And I don't mean "Die Hard," that awesome movie from 1988 starring Bruce Willis. I mean, it's hard to stop beating myself up over small things. I have been tracking EVERYTHING, ya'll....EVERYTHING that I eat. Even the embarrassing stuff (like the extra spoonfuls of pasta straight out of the dish when nobody was looking) and using points for ALL of it.
This is the behavior modification tool that's working the best for me. Yes, I still have some of those old behaviors that want to stick around and it's HARD to kill them. But I am. I want to keep eating long after I'm full when I like the way something tastes. But slowly.......very slowly....that's changing. I'm keeping in the zone and thinking of the impact of my food choices on my day. I already know that I like to save a few points for a "treat" (even if that treat is a apple slices and peanut butter) for the end of the day. I am juggling my other daily points to accommodate that.
Look, I don't know how tomorrow's weigh in is going to go.
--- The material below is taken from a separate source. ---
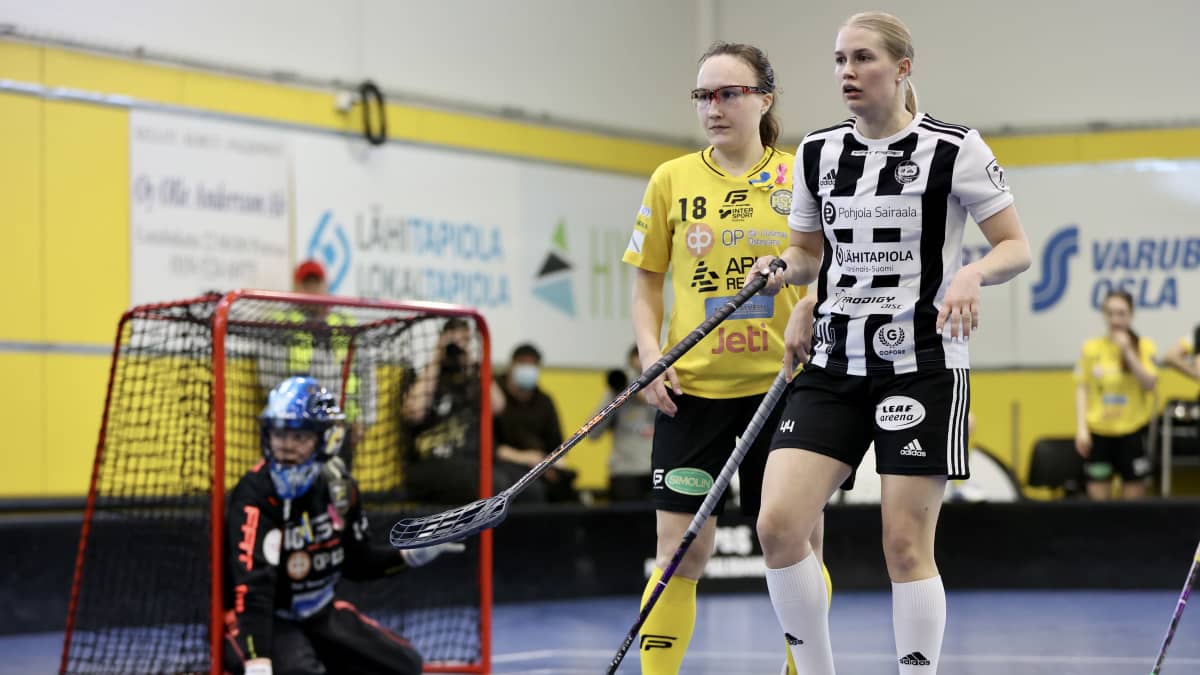 Milla Nordlund TPS:stä ja Ella Holmberg PSS:stä seuraavat peliä Porvoossa SM-finaalissa 2022.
But I do know that if I WORK on the behaviors I need to change...I mean really work on them and not just say I'm working on them (because dude, that's just talking, it's not working) then really and truly, it's all going to be alright. If I keep tracking things, if I keep being accountable even when it's not the most graceful of days (because there will be days like that), everything is going to be just fine.
I have faith in myself this time. I'm not doing it half-assed.
Oh and those habits? They will die. Eventually. I just have to work at not resurrecting them.